What this is doing is:
  • Extracting the first line of the post text itself.
  • Stripping all formatting from it.
  • Bolding the result by surrounding it in ** Markdown.
  • Including the second paragraph, terminating it in an elipsis ....
  • Including a generated URL, based on the GUID, and here parked on Glasswings. (I might also create links to Archive.Today and Archive.Org of the original content.)
  • Including the post date, with time in YYYY-MM-DD hh:mm resolution.
Including the month and year where those change might also be useful for creating archives.

Specific questions / challenges:

  • How to conditionally export only public posts.
  • How to conditionally export only status_message (that is, original) posts, rather than reshares.
  • How to create lagged "oldYear" and "oldMonth" variables.
  • How to conditionally output content when computed Month and Year values > oldMonth and oldYear respectively. Goal is to create ## .year and ### .month segments in output.
  • How to output up to two paragraphs, where posts may consist of fewer than two separate text lines, and lines may be separated by multiple or only single linefeeds \r\n.
  • Collect and output hashtags used in the post.
  • Include counts of comments, reshares, likes, etc. I'm not even sure this is included in the JSON output.
There might be more, but that's a good start.

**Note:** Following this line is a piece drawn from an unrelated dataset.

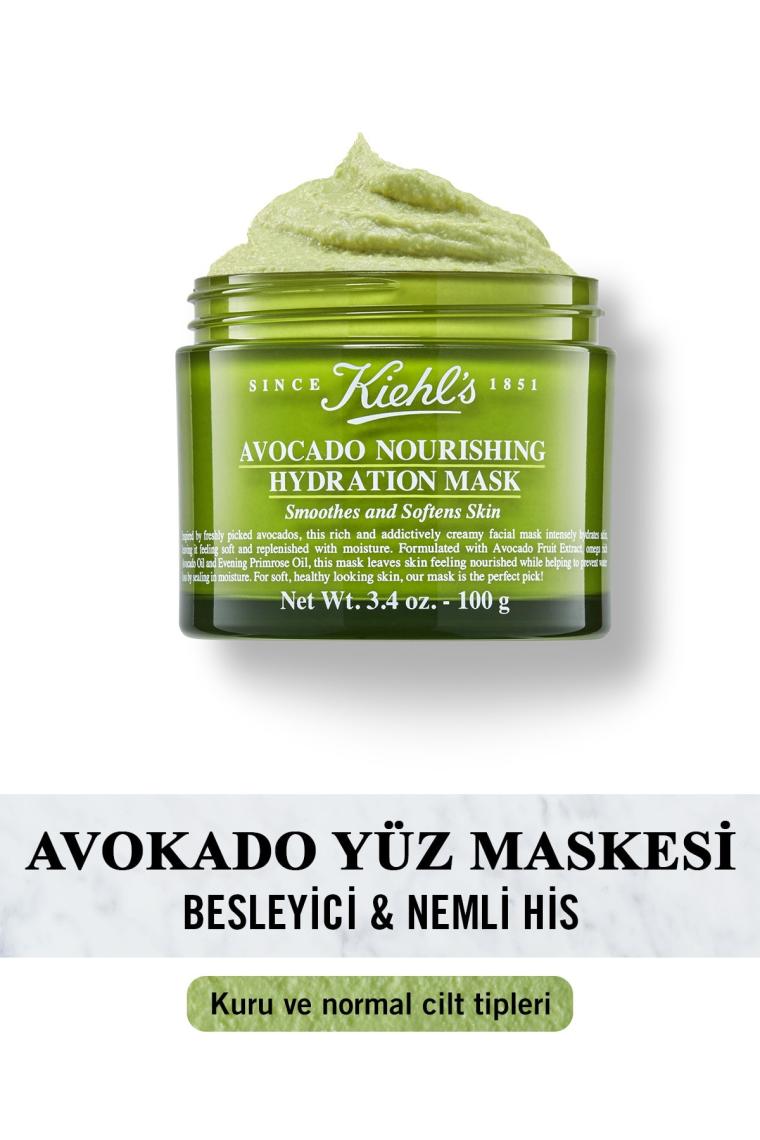 Avocado Besleyen & Nemlendiren Maske 100 gr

And of course, if I have to invoke other tools for part of the formatting, that's an option, though an all-in-jq solution would be handy.

# # # # #
in reply to Doc Edward Morbius

I'm sad. I never made up my mind to go through this as well, instead this is the last post on pluspora probably. :|
in reply to Doc Edward Morbius

@DEFUNCT Carsten Raddatz (劉愷恩) -> now at nerdica @Carsten Raddatz Most of your posts should be accessible through other federated instances. Diasp.org most especially. Though it seems to be that you need to have the original URL or GUID to do this. If you exported your data you should still be able to do this.

I'd have said "joindiaspora.com", as I'd been on that and followed you from there, but ... well, it's also dead.

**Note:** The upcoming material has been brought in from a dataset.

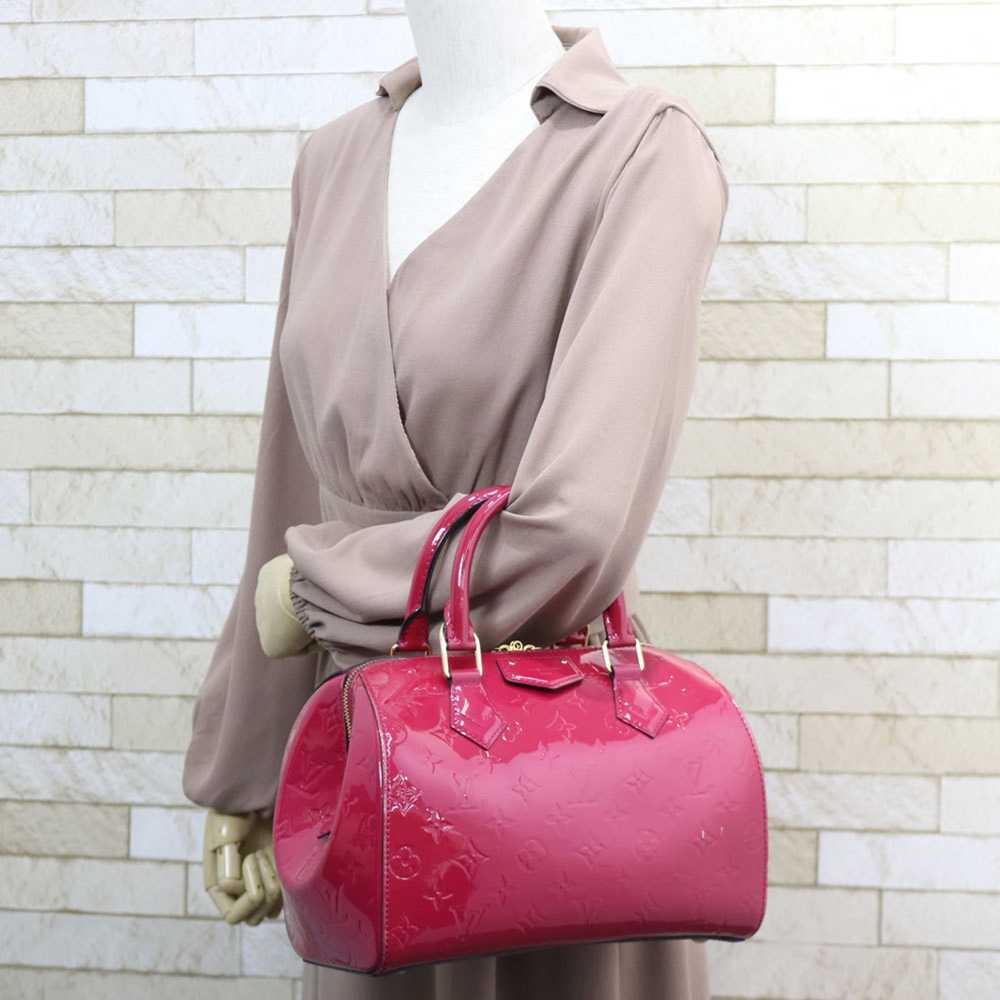 Louis Vuitton Montana Pink Canvas Handbag (Pre-Ow… - image 5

@Isaac Kuo also turned up another instance, I believe Socialhome (I need to go looking for that) which is both well-federated and searchable from other instances.

For shins'n'grits:Sadly, attempting to view a user's profile from a third-party pod does not seem to work. That would be one way to grab a fully-federated instance.

Now to track down Isaac's find again...
in reply to Doc Edward Morbius

@DEFUNCT Carsten Raddatz (劉愷恩) -> now at nerdica @Carsten Raddatz Socialhome.network:

https://socialhome.network

The user reference hash is different, but you can find it by searching for a specific handle.

Looking for carstenraddatz@pluspora.com gives:

https://socialhome.network/p/c05bd2c3-426f-4b94-bb0e-28456b36760e/

I'm not aware of a way of automatically scraping / requesting that content, but you should be able to manually page through posts.

The posts are not referenced by the Diaspora* GUID. E.g.:

https://socialhome.network/content/10897028/weil-escher-escher-visualization-art-infi/

Let me take a deeper look at that...

.... I'm not seeing an obvious way to grab a JSON abstract of either profiles or posts.

There's source at GitLab: https://git.feneas.org/socialhome/socialhome

Or @Jason Robinson 🐍🍻 might be able to offer some pointers.